Why focusing on wellbeing at work? The first answer is: because it is simply the right thing to do! But clients have also got legal responsibility and the impact of a healthy workforce can have multiple benefits including individual people factors such as engagement, retention, job satisfaction, lower absenteeism, recommend the company to others. Also there are indisputable advantages from a Business reputation including attracting clients, positive publicity, improve business sustainability (through enhanced productivity).
Construction is still accounting for the second largest number of suicides in the industry, only behind agriculture (454 construction suicides in 2015). These are scary numbers and there is still a long way to go however, the construction industry is making progress finally getting a broader perspective whereby physical health in only one element of wellbeing with mental and social health being equally important. I.e. fruit in the office is a very good start…..but let’s not create the illusion that it all ends there!
Where does wellbeing sit within an organisation? It can vary, sometimes with HR, sometimes with Health and Safety. This confusion and random attribution doesn’t help the cause and it is detrimental to the focus of the ambassadors within any organisation who are willing to make a change. A better corporate stance for health and safety and wellbeing is a fundamental step change required to give health and safety and wellbeing the right profile and focus going beyond statements and ineffective propositions.
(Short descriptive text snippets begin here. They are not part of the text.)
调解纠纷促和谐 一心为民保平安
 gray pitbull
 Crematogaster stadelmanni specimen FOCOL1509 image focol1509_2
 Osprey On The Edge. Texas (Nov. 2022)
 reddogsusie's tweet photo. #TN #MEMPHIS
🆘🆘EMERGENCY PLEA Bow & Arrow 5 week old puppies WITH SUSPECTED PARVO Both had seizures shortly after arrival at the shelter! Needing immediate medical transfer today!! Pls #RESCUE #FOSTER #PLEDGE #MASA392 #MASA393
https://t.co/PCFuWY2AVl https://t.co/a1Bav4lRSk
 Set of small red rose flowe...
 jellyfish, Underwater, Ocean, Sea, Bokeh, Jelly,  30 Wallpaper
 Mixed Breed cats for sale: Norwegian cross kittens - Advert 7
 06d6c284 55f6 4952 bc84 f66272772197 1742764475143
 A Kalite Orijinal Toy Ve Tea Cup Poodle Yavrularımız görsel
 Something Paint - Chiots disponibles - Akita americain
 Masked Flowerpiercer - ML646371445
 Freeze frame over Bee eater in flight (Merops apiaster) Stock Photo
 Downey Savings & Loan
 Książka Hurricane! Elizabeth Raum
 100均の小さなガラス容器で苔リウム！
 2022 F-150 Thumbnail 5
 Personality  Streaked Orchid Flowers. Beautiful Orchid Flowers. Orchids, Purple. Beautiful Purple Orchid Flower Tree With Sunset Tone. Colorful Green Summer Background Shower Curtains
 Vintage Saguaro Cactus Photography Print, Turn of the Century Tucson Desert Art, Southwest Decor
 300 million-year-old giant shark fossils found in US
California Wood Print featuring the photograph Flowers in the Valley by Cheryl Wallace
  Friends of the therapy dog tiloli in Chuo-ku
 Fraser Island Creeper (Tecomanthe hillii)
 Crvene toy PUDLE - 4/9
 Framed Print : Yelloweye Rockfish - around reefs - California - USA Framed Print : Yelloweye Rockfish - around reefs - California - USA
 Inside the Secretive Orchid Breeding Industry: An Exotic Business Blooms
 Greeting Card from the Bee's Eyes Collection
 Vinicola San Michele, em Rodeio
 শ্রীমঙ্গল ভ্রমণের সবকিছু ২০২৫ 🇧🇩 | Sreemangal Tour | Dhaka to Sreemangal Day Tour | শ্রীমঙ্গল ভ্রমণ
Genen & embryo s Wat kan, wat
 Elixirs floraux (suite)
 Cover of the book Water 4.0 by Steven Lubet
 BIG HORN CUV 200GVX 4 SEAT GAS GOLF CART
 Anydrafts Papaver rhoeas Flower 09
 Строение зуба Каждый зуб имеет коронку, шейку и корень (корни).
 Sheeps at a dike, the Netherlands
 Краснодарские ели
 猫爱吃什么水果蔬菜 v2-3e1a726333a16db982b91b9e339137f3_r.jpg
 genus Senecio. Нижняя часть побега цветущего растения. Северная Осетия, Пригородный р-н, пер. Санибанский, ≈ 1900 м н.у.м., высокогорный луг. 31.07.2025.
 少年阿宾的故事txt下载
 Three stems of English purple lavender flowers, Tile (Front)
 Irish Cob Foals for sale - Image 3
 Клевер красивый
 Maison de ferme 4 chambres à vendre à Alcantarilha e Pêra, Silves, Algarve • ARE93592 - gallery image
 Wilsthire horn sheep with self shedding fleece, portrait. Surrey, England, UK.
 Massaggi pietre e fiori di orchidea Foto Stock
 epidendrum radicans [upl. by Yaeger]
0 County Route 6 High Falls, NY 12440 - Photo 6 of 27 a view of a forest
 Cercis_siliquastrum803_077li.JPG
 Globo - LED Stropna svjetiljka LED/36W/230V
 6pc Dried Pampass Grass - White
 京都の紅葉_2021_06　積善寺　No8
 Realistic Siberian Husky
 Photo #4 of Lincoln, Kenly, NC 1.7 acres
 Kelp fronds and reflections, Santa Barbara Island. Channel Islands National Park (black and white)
So, how do we “do” wellbeing at work”? Mainly in a couple of ways:
• Be kind, listen respectfully and respond respectfully;
• Look after the workplace environment, not just the physical one (which is very important to the point that WELL standards are now also applied to welfare facilities) but also how we design and organise our work. Why for example is not acceptable to have long and interrupted shifts on site but it is not challenged when our designers face proper “submission marathons” for example when facing a planning submission deadline?
Interestingly the BSI will publish their first Occupational health and wellbeing standard next month and we look forward to understand the implications on the workplace and the impact on real estate projects and development sites.